__Brief descriptive captions__
╭──
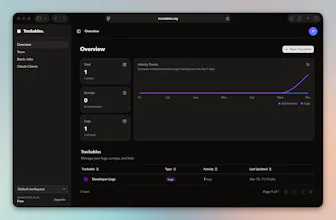 Trackables gallery image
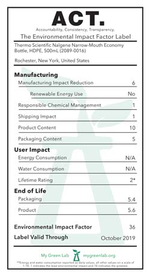 Nalgene&trade; Narrow-Mouth HDPE Economy Bottles, 500mL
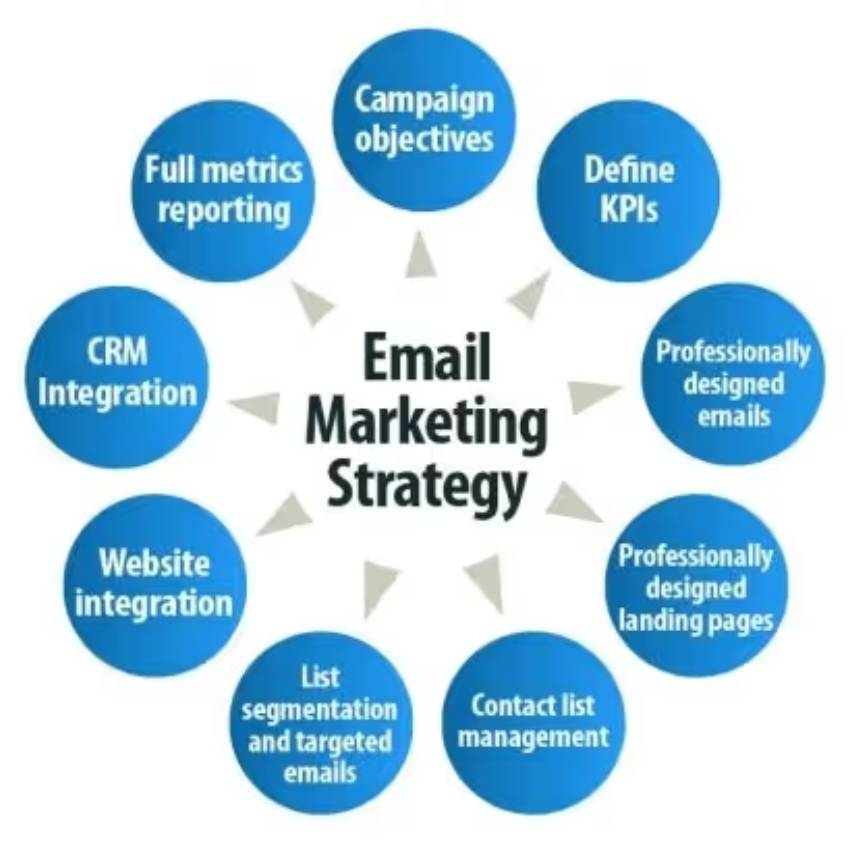 List of Email Marketing Strategy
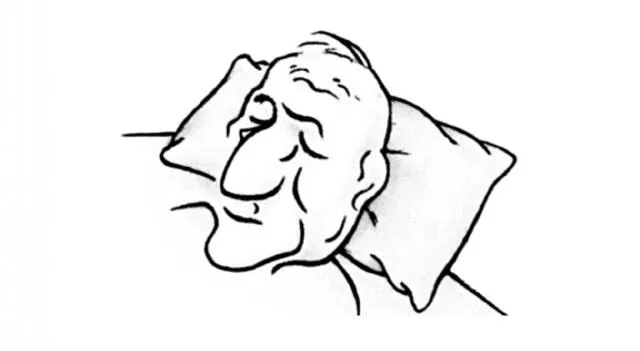 Test de personalidad.   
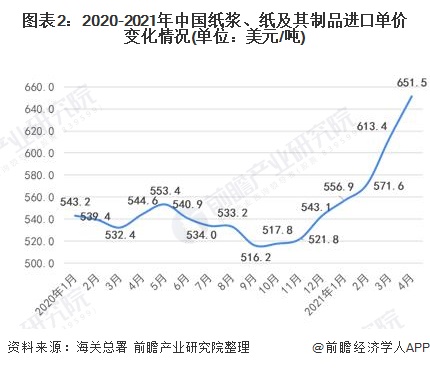 輪胎漲價(jià)最新通知及其對行業(yè)和消費(fèi)者的影響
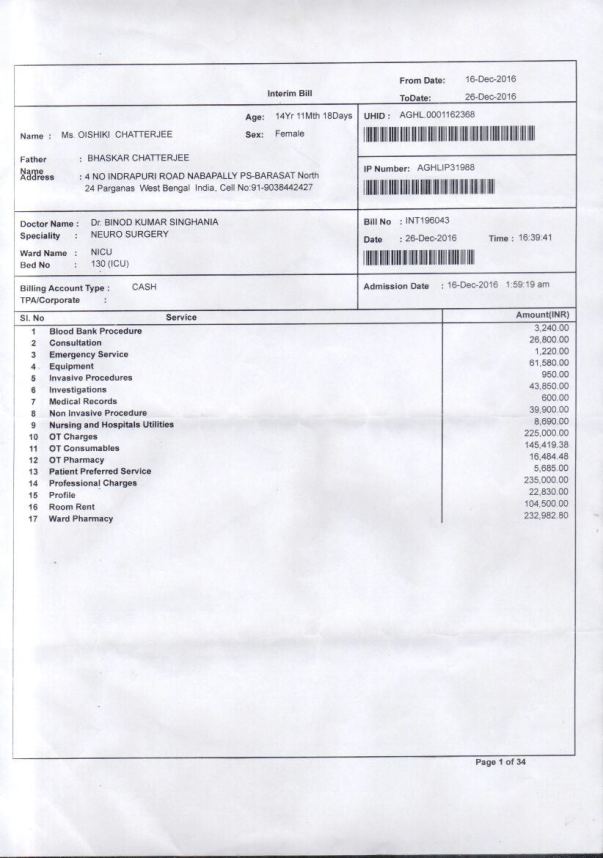 Expenditure until 26th Dec (Page-1)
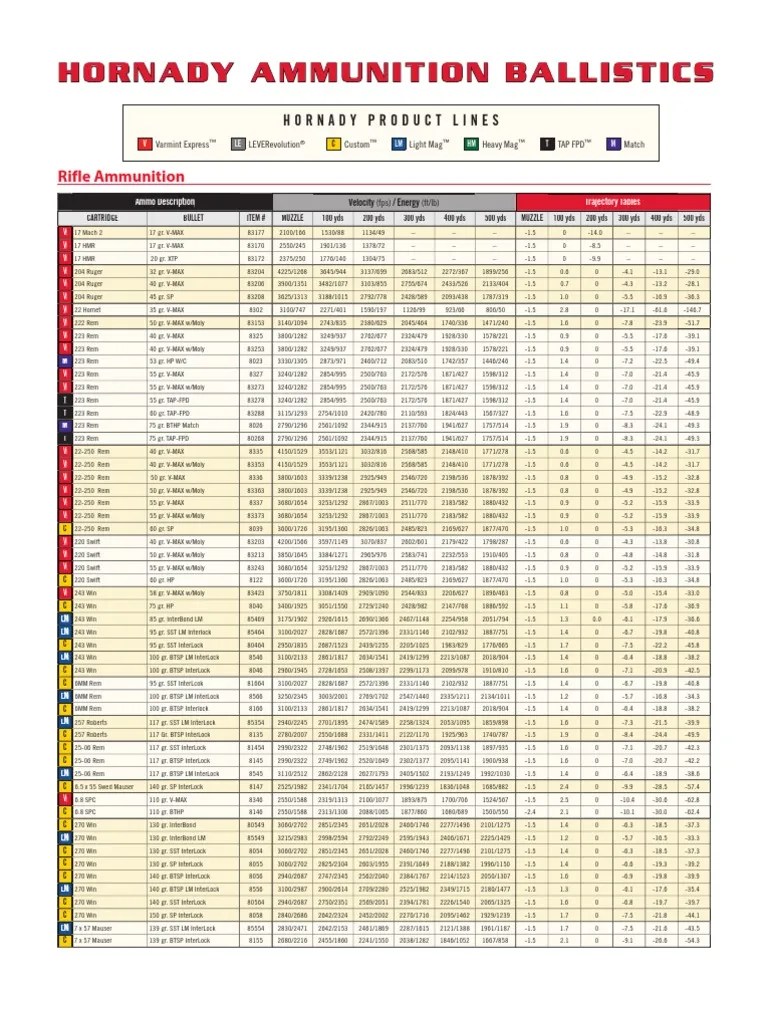 Hornady 300 Win Mag 150 Grain Ballistics Chart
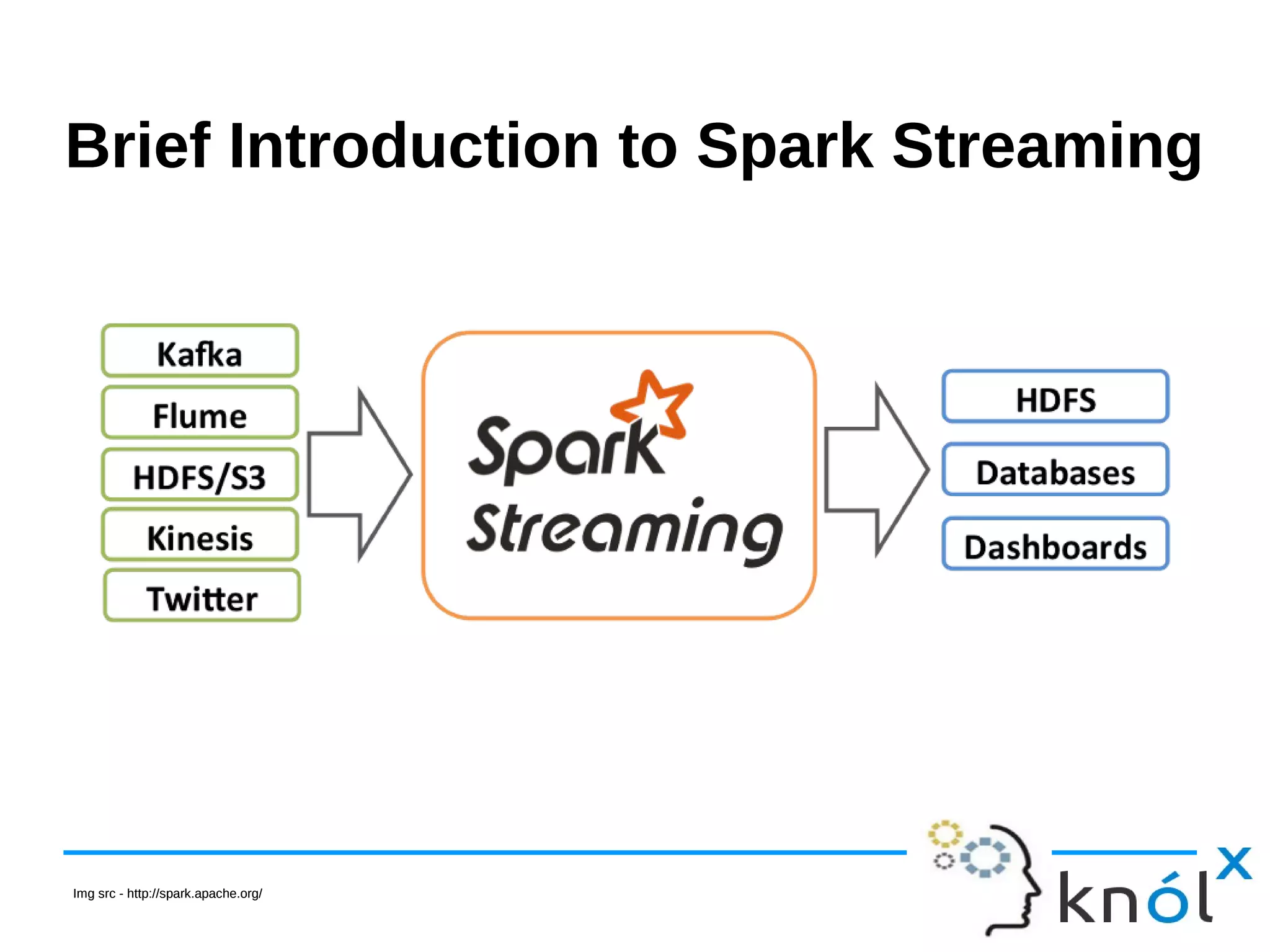 Brief Introduction to Spark StreamingBrief Introduction to Spark Streaming Img src - http://spark.apache.org/Img src - http://spark.apache.org/ 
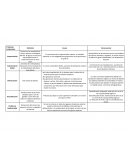 Problemas ambientales. Cuadro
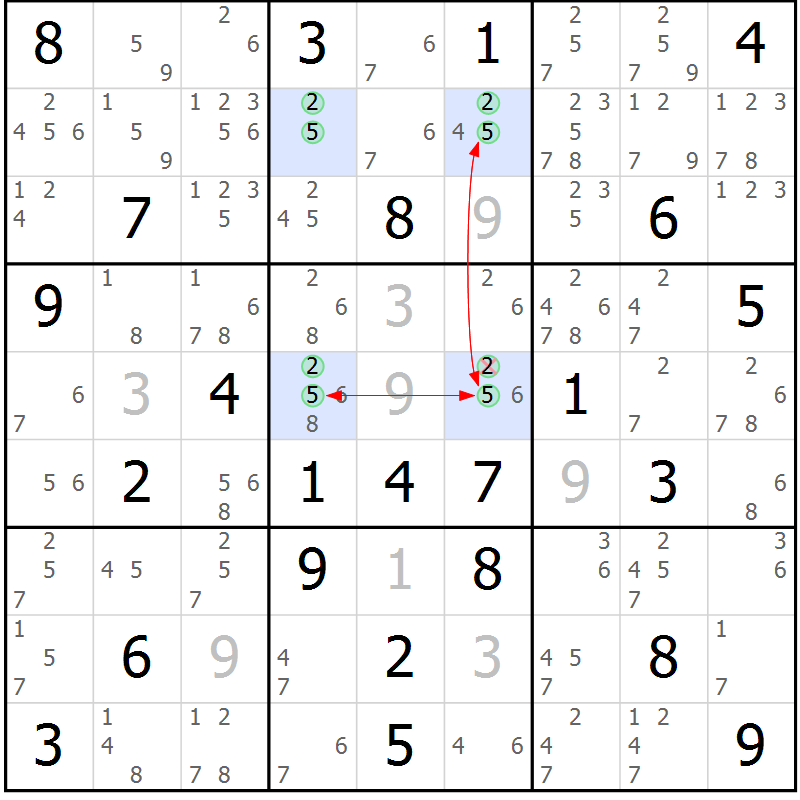 Position des candidats pour la solution de la Gr 83 page 86 du magazine de sudoku Maestro n° 103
╰──
__What you are asked to do__
Repeat the data exactly. Pictures should not appear.

__Task answer__
 Trackables gallery image
 Nalgene&trade; Narrow-Mouth HDPE Economy Bottles, 500mL
 List of Email Marketing Strategy
 Test de personalidad.   
 輪胎漲價(jià)最新通知及其對行業(yè)和消費(fèi)者的影響
 Expenditure until 26th Dec (Page-1)
 Hornady 300 Win Mag 150 Grain Ballistics Chart
 Brief Introduction to Spark StreamingBrief Introduction to Spark Streaming Img src - http://spark.apache.org/Img src - http://spark.apache.org/ 
 Problemas ambientales. Cuadro
 Position des candidats pour la solution de la Gr 83 page 86 du magazine de sudoku Maestro n° 103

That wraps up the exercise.